Мартыновец заплакал:
— Не оставляйте меня так! Уже говорю, говорю! Ну что я знаю — кхрр — отец наш наиморознейший в пермской губернии говорил, чтобы следили, такой-то и такой-то господин польский, под именем Венедикта — кхрр — Филипповича Ерославского ехать будет Сибирским Экспрессом, и доехать не должен, отпустите меня!
— А вы, выходит, слушаетесь отцов своих.
— Господин!
— А если бы я из поезда не вышел, тогда что?

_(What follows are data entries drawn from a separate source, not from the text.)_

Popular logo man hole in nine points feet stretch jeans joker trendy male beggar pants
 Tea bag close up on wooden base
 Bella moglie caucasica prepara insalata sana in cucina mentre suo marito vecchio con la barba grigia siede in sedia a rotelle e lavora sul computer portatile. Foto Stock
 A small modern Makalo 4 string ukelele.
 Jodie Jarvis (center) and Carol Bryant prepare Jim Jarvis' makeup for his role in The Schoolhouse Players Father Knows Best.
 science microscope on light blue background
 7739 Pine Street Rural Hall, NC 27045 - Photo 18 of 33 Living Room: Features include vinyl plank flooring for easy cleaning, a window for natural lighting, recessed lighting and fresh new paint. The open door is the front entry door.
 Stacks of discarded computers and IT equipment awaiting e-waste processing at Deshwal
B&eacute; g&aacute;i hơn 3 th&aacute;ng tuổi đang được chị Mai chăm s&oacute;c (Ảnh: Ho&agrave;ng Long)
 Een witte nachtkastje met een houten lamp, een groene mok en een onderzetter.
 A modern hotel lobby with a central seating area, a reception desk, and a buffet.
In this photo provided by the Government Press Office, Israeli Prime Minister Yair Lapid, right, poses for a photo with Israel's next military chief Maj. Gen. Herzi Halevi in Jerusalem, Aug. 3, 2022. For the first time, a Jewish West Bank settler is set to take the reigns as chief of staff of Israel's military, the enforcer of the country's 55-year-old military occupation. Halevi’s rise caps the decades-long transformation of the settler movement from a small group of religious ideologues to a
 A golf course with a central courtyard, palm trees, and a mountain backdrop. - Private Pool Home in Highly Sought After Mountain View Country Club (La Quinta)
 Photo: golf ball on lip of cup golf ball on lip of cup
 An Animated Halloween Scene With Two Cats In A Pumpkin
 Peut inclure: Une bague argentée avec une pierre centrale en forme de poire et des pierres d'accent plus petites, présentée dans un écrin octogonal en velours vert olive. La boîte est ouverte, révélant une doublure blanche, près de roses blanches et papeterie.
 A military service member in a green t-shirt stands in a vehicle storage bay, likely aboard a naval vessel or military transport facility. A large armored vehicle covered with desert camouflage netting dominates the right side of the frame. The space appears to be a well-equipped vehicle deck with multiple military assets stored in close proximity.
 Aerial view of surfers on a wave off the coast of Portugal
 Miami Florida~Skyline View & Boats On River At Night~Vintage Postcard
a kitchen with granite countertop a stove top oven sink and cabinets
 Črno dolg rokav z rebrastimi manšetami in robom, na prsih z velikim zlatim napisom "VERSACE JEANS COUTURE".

— Так вышли же, вышли, хотя мы и не надеялись… О, Матерь Божья Святейшая, лучше бы и не выходили!..
— И правда то, что патриархом вашим единственным является Григорий Ефимович Распутин?
— Да отпустите же, Господи!
— Только скажи: в других городах меня тоже ожидают? А в самом поезде? Есть кто? По какой — такой причине ко мне ненависть подобная, а?
— Да откуда ж мне знать, что в других городах, пустите! А что в поезде! Для меня такое слово отца, словно лед на сердце… Отпусти, милостивец, отпусти!
— Но какая же причина, должна быть причина!
— А такая, такая! — Мартыновец покосился из под лепящего ресницы черного инея. Исхудавший, кожа в шрамах, с пятнами от старых отморожений, с несколькодневной щетиной на впавших щеках — он казался карикатурой на сибиряка-каторжника, не хватало только кандалов. Правда, сейчас его сковывали оковы, более твердые, чем железо. — Вы там ведь лучше знаете, кхрр. Зараза оттепельническая, или троцкист, или народник, или анархист, или там западник петербургский, или какой иной революционер — в голове одно: разморозить, разморозить, разморозить Россию.
— Чего?
— Отпусти!..
— Так что я там хочу сделать?…
— А зачем едете в святую землю? Все вы одним миром мазаны! Огонь нам в глаза! Но Господь послал России лютов. Так убить лютов! Батюшку Царя убить! Страну погубить! Все вы одинаковы!
— Иисусе Христе, на кресте муки принявший, да о чем вы говорите?!
— Ха, пушка, льдом стреляющая в руке, а он еще и запирается, убивца! — Мужик снова дернулся. Если бы гнев и вправду сжигал живым огнем, мартыновец давно бы уже растопил сковывающий его лед. — Ждут вас уже, ждут! И черт с вами!
Я-оно осмотрелось по улице. Этот разговор ни к чему не ведет. Левой рукой осторожно вынуло Гроссмейстера из правой руки, вернулось за полотном и бархатом.
— Да отпустите же! — благим матом вопил замороженный. — Сами же сказали, что пустите!!!